LA SCELTA | Juve, il caso Allegri

La scelta di Agnelli è difficile. Andare avanti così, ben sapendo quello che Allegri può dare, nono scudetto in campionato e grandi difficoltà in Europa? Oppure cambiare?

Massimiliano Allegri

“Ove c’è raziocinio c’è scelta, ove c’è scelta c’è libertà” (Oriana Fallaci)

“A ogni essere umano è stata donata una grande virtù: la capacità di scegliere. Chi non la utilizza, la trasforma in una maledizione e altri sceglieranno per lui” (Paulo Coelho)

“Ogni giorno, quello che scegli, quello che pensi e quello che fai è ciò che diventi” (Eraclito)

“Ciò che non è assolutamente possibile è non scegliere” (Jean-Paul Sartre)

“A volte è difficile fare la scelta giusta perché o sei roso dai morsi della coscienza o da quelli della fame” (Totò)

ATTUALIZZANDO…

Max Allegri è ormai un caso aperto, sia se andrà via dalla Juventus, ma anche se resterà. Penso che comunque continuerà a turbare la prossima stagione juventina, a prescindere dalle decisioni che prenderanno il presidente Andrea Agnelli e l’allenatore (peraltro, finora, ufficialmente confermato)?

MERITEVOLE, SENZA SE E SENZA MA

Premetto che Allegri a parer mio merita di essere confermato, senza se e senza ma: ha vinto cinque scudetti consecutivi e due volte è arrivato alla finale della Champions. Chi avrebbe scommesso un solo euro su questi sensazionali risultati, quando Max fu assunto in sostituzione di Antonio Conte? Di certo non le moltitudini di tifosi che oggi lo contestano e neanche i sapientoni a tavolino, giornalisti, opinionisti, critici saccenti (in prima fila, Lele Adani).

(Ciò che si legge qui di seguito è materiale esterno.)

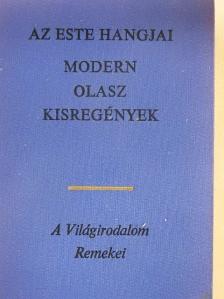 Alberto Moravia - Az este hangjai [antikvár]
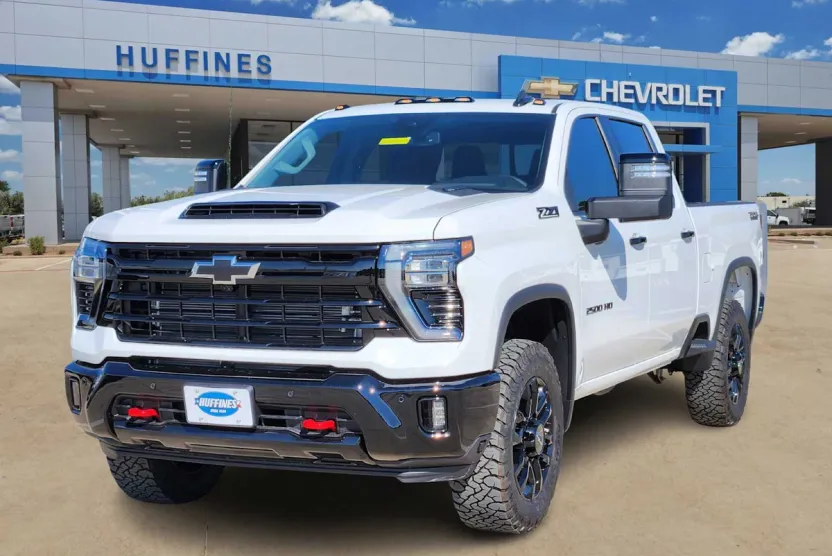2026 Chevrolet Silverado 2500HD LT photo 1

CON LUI, SENZA DI LUI… INEVITABILI DUBBI E RIMPIANTI

Tuttavia, il caso esiste. Se Allegri sarà confermato, ogni sua minima mossa sarà guardata con prevedibile diffidenza e anche scetticismo, esattamente come succederebbe anche al suo successore, se invece si arrivasse a una rottura. Inevitabile la domanda, se Allegri resta: cosa avrebbe potuto fare, la Juve, senza di lui? E inevitabile anche la domanda opposta, se invece Allegri se ne andasse.

VERBOSO, ESAGERATO DI FRONTE AD ADANI

Debbo aggiungere che ho visto un Allegri verboso, ripetitivo, insicuro, nell’ultimo confronto con Adani. E non me lo aspettavo. Può darsi che il confronto gli sia stato imposto dai vertici della Juve, presumibilmente contrariata dalle polemiche. E può darsi che Allegri mal sopportasse le critiche ricevute: la mancanza di gioco, di identità, l’ostilità sua verso un approccio aggressivo, offensivo nelle partite. Improbabile che in futuro cambi mentalità.

SCELTA DIFFICILE!

E perciò la scelta di Agnelli è difficile. Andare avanti così, ben sapendo quello che Allegri può dare, nono scudetto in campionato e grandi difficoltà in Europa? Oppure cambiare? Ma con chi e avendo la garanzia di ottenere cosa? Secondo le ultime indiscrezioni, Andrea Agnelli avrebbe respinto (saggiamente) l’ipotesi di un ritorno di Antonio Conte.